======== Records

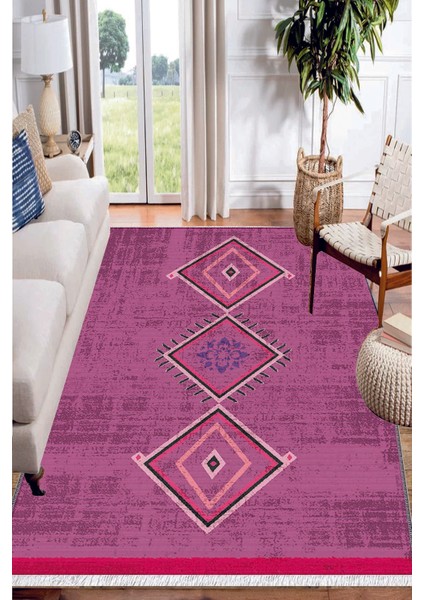 Karolar Iskandinav Desenli Yıkanabilir Kaymaz Salon Halısı Dekoratif Kilim ARM-1203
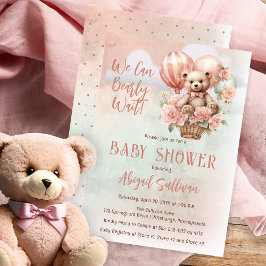 Invitación Chica de globos de oseo Teddy Bear espera a Baby S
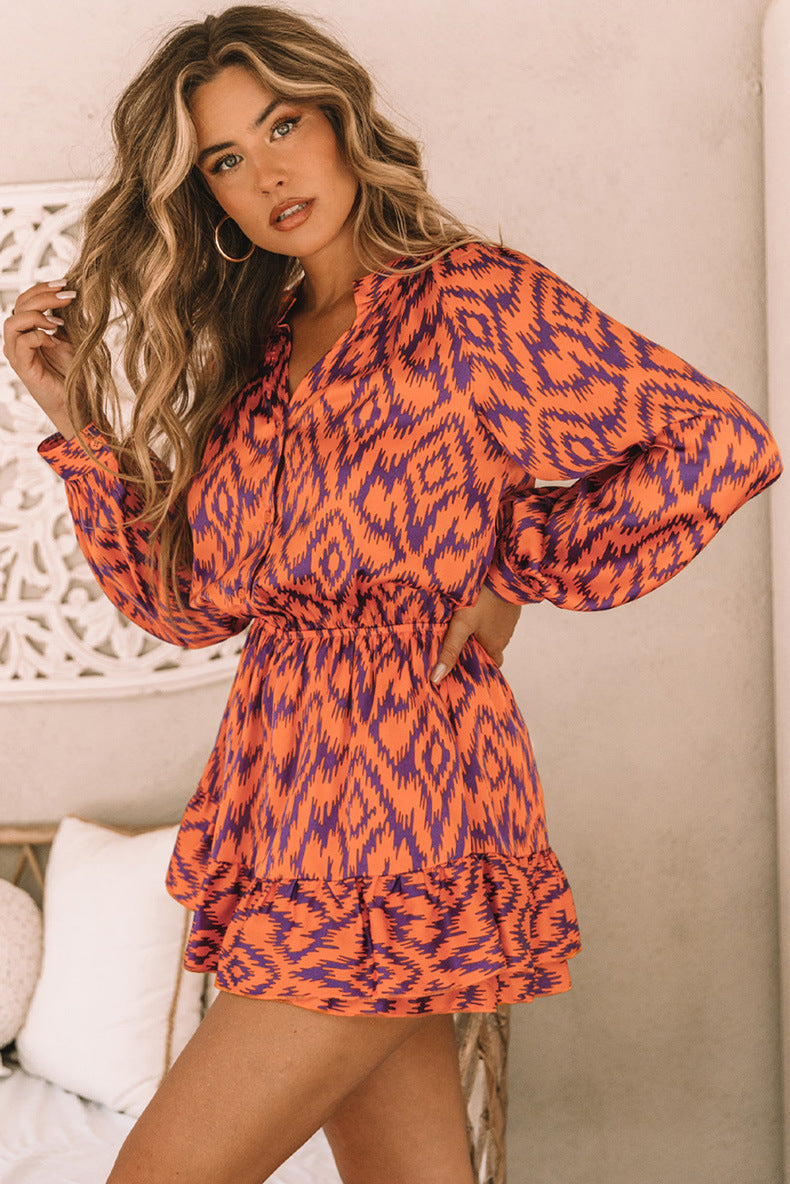 Personalized Design Sense Printed Waist-controlled Jumpsuit Women's Summer New Ruffled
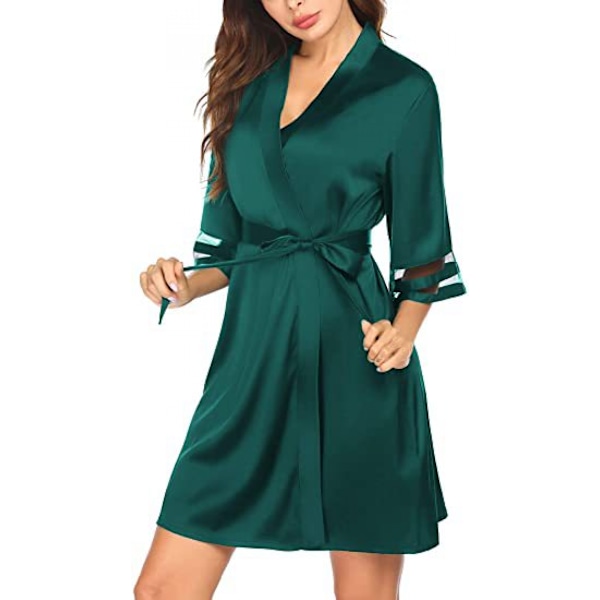 Dame Satin Robe Letvægts Kimono Badekåbe Bell Sleeve Brudepige Brud Festkjoler ----- Grøn （Størrelse L）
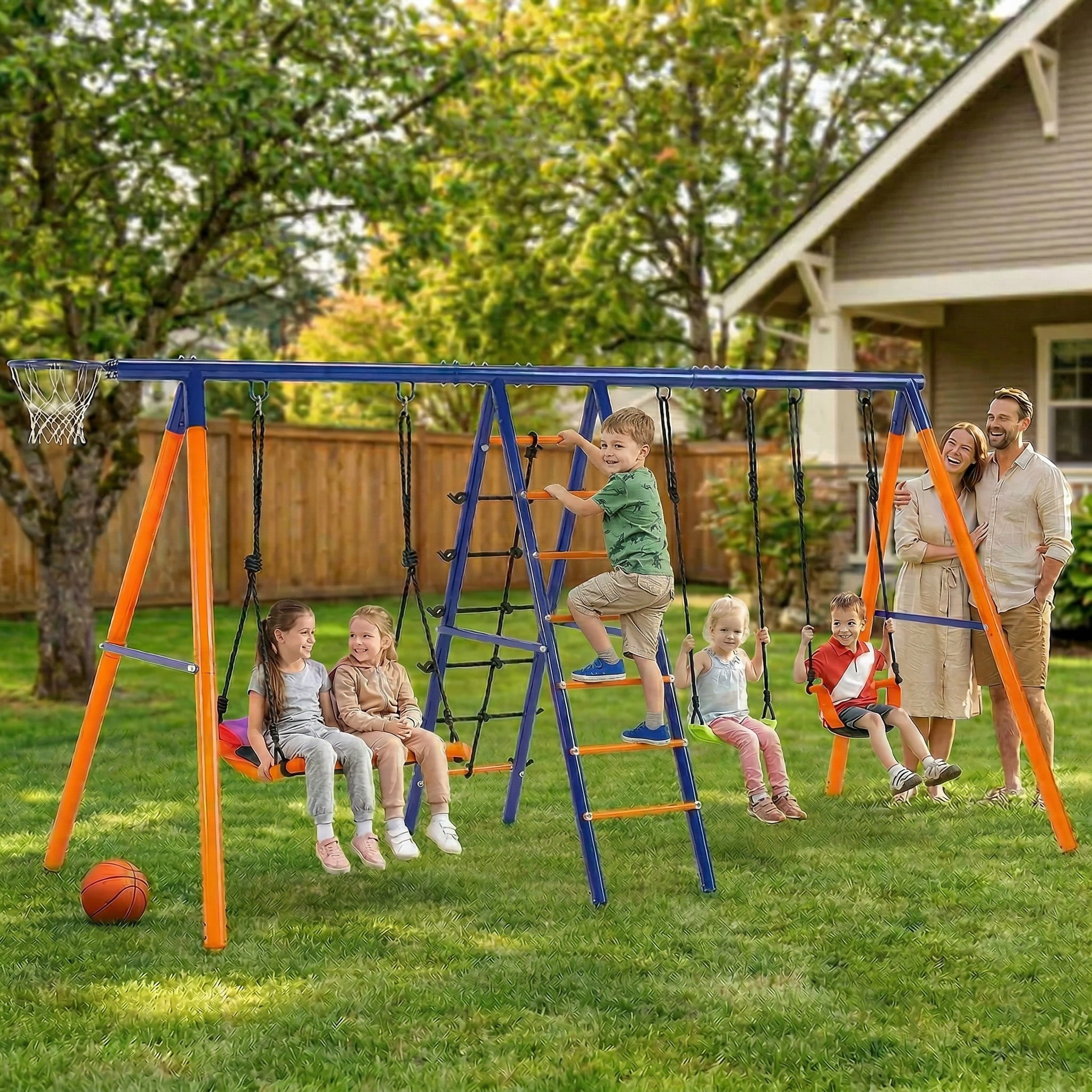 Veeboto 6-in-1 Outdoor Swing Set, Heavy-Duty Metal Backyard Playground with Climbing Ladder and Basketball Hoop (Orange, 700 lb Capacity) fn8wc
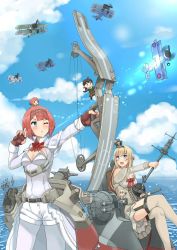 Rule 34 | 6+girls, aircraft, airplane, ark royal (kancolle), arrow (projectile), bad id, bad pixiv id, bare shoulders, biplane, blonde hair, blue eyes, blunt bangs, bob cut, bow (weapon), braid, brown gloves, cannon, cleavage cutout, clothing cutout, cloud, commentary request, corset, crossed legs, crown, day, dress, fairey swordfish, fairy (kancolle), fingerless gloves, flight deck, flower, french braid, garter straps, globus cruciger, gloves, highres, holding, holding bow (weapon), holding weapon, jewelry, kantai collection, long hair, long sleeves, machinery, mini crown, mini person, minigirl, multiple girls, necklace, ocean, off-shoulder dress, off shoulder, one eye closed, osananajimi neko, outdoors, pantyhose, quiver, red flower, red hair, red ribbon, red rose, revision, ribbon, rigging, rose, scepter, short hair, shorts, size difference, sky, thighhighs, throne, tiara, turret, warspite (kancolle), weapon, white corset, white dress, white legwear, white shorts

================

■ Task to carry out
Return exactly the lines above, from the one with "Dame Satin Robe" up to and including the one with "Veeboto 6-in-1 Outdoor", and include no pictures.

■ Result for this task
 Dame Satin Robe Letvægts Kimono Badekåbe Bell Sleeve Brudepige Brud Festkjoler ----- Grøn （Størrelse L）
 Veeboto 6-in-1 Outdoor Swing Set, Heavy-Duty Metal Backyard Playground with Climbing Ladder and Basketball Hoop (Orange, 700 lb Capacity) fn8wc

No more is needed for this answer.